The projection increase, which assumes employers do not implement employee cost sharing increases and other cost saving strategies, is nearly double the 4.5 percent increase to health care budgets that employers experienced from 2022 to 2023. On average, the budgeted health care plan cost for clients is $13,906 per employee in 2023. The analysis uses the firm's Health Value Initiative database, which captures information for more than 800 U.S. employers representing approximately 5.6 million employees.

Since the COVID-19 pandemic, employers are seeing medical claims experience return to typical levels of growth and should anticipate more inflationary cost pressures in the coming year.

"While economy-wide inflation spiked during the past two years, employer-sponsored health care costs did not see dramatic increases during the same time period due to the multi-year nature of typical medical provider contracts," said Debbie Ashford, the North America chief actuary for Health Solutions at Aon, in a statement included in the press release. "Even though inflation is subsiding, health care trend is growing as medical providers push insurers for larger cost increases to cover the higher costs of wages and supplies that they endured during the last couple years but were unable to pass on to payers."

"Other contributing factors adding pressure on health care cost trends are the proliferation of newly indicated weight loss drugs, new technologies, severity of catastrophic claims and increasing share of specialty drugs," Ashford added.

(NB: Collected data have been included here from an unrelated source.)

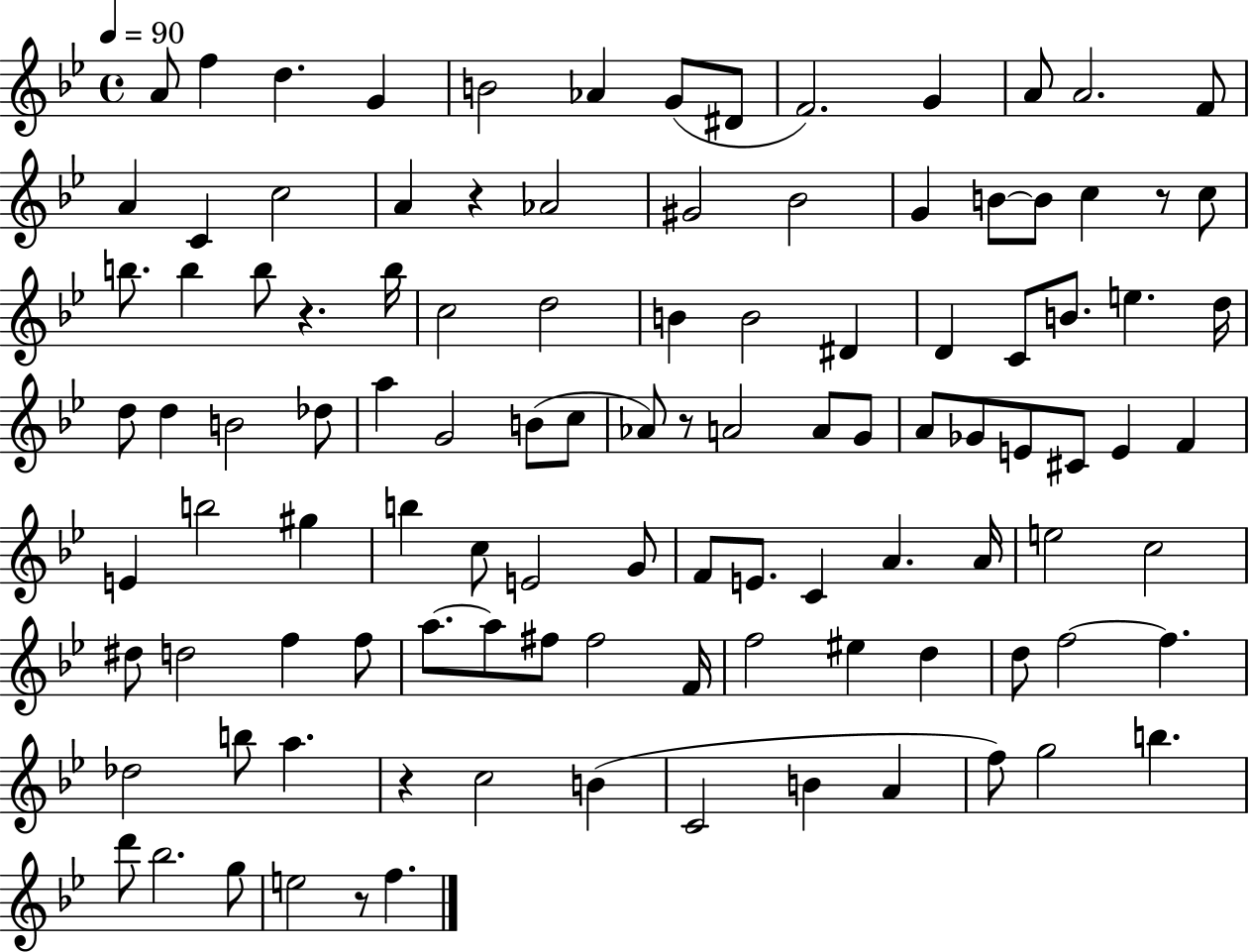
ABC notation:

X:1
T:Untitled
M:4/4
L:1/4
K:Bb
A/2 f d G B2 _A G/2 ^D/2 F2 G A/2 A2 F/2 A C c2 A z _A2 ^G2 _B2 G B/2 B/2 c z/2 c/2 b/2 b b/2 z b/4 c2 d2 B B2 ^D D C/2 B/2 e d/4 d/2 d B2 _d/2 a G2 B/2 c/2 _A/2 z/2 A2 A/2 G/2 A/2 _G/2 E/2 ^C/2 E F E b2 ^g b c/2 E2 G/2 F/2 E/2 C A A/4 e2 c2 ^d/2 d2 f f/2 a/2 a/2 ^f/2 ^f2 F/4 f2 ^e d d/2 f2 f _d2 b/2 a z c2 B C2 B A f/2 g2 b d'/2 _b2 g/2 e2 z/2 f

In terms of 2023 health plans, employer costs increased 4.5 percent, while employee premiums from pay checks were slated to be a more modest 1.7 percent increase from 2022, according to Aon's analysis. Plan costs represent the employer's and employee's combined premiums for medical and prescription drug costs but exclude employee out-of-pocket payments such as deductibles, co-pays and co-insurance. On average, employers subsidize about 81 percent of the plan cost, while employees pay the remainder.

Key takeaways include the following:

•            In terms of 2023 health plans, employer costs increased 4.5 percent, while employee premiums from pay checks were slated to be a more modest 1.7 percent increase from 2022. Plan costs represent the employer’s and employee’s combined premiums for medical and prescription drug costs but exclude employee out-of-pocket payments such as deductibles, co-pays and co-insurance. On average, employers subsidize about 81 percent of the plan cost, while employees pay the remainder.

•            Employers continue to absorb most of the healthcare cost increases. Employees in 2023 are contributing about $4,675 for health care coverage this year, of which $2,682 is paid in the form of premiums from pay checks and $1,993 is paid through plan design features such as deductibles, co-pays and co-insurance, according to the firm’s analysis.

•            The rate of health care cost increases vary by industry, as does the proportion of cost shared by the plan, employer plan sponsor and employee. The professional services industry has the highest average employer cost increase at 7.5 percent, while the manufacturing industry has the highest average employee cost increase at 2.9 percent. The retail and wholesale industry has the lowest average change in employee contributions: a half percent decrease from 2022 to 2023.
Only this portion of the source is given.